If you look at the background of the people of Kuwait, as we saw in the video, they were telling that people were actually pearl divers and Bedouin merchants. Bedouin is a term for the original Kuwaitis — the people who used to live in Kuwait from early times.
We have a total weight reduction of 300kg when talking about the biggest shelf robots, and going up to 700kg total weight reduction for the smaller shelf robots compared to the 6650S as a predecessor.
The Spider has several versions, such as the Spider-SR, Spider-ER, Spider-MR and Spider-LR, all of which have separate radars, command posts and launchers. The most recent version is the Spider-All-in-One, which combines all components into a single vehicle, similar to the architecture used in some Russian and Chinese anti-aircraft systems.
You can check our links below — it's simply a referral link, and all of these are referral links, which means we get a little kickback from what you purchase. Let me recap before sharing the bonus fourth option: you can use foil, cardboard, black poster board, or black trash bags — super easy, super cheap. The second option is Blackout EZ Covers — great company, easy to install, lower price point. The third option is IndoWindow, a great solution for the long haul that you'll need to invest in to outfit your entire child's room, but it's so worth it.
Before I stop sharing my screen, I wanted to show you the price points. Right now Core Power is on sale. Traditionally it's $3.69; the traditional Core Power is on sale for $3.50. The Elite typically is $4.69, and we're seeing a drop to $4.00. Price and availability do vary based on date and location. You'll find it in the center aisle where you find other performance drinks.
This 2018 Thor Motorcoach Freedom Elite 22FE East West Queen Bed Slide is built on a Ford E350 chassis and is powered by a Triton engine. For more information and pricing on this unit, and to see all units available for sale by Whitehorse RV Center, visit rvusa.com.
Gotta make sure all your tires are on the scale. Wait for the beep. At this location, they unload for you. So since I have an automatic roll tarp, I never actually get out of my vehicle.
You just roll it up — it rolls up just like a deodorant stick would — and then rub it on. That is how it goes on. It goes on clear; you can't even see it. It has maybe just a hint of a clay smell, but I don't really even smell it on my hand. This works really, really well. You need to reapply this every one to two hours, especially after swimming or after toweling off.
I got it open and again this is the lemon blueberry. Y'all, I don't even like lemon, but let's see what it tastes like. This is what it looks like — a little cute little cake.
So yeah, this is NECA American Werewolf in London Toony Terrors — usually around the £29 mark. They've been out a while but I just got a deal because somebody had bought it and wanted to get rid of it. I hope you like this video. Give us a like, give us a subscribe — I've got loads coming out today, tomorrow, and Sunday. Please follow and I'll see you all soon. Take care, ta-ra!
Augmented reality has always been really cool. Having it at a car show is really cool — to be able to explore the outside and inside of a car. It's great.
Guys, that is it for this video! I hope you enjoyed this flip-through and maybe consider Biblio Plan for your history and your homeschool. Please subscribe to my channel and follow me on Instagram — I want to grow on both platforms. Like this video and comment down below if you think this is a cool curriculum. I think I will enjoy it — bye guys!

++++++

• **EXERCISE**
Reproduce exactly the stretch of the material above that starts at the line with "The Spider has" and ends at the line with "Before I stop", both included, and nothing else.

• **RESPONSE AREA**
The Spider has several versions, such as the Spider-SR, Spider-ER, Spider-MR and Spider-LR, all of which have separate radars, command posts and launchers. The most recent version is the Spider-All-in-One, which combines all components into a single vehicle, similar to the architecture used in some Russian and Chinese anti-aircraft systems.
You can check our links below — it's simply a referral link, and all of these are referral links, which means we get a little kickback from what you purchase. Let me recap before sharing the bonus fourth option: you can use foil, cardboard, black poster board, or black trash bags — super easy, super cheap. The second option is Blackout EZ Covers — great company, easy to install, lower price point. The third option is IndoWindow, a great solution for the long haul that you'll need to invest in to outfit your entire child's room, but it's so worth it.
Before I stop sharing my screen, I wanted to show you the price points. Right now Core Power is on sale. Traditionally it's $3.69; the traditional Core Power is on sale for $3.50. The Elite typically is $4.69, and we're seeing a drop to $4.00. Price and availability do vary based on date and location. You'll find it in the center aisle where you find other performance drinks.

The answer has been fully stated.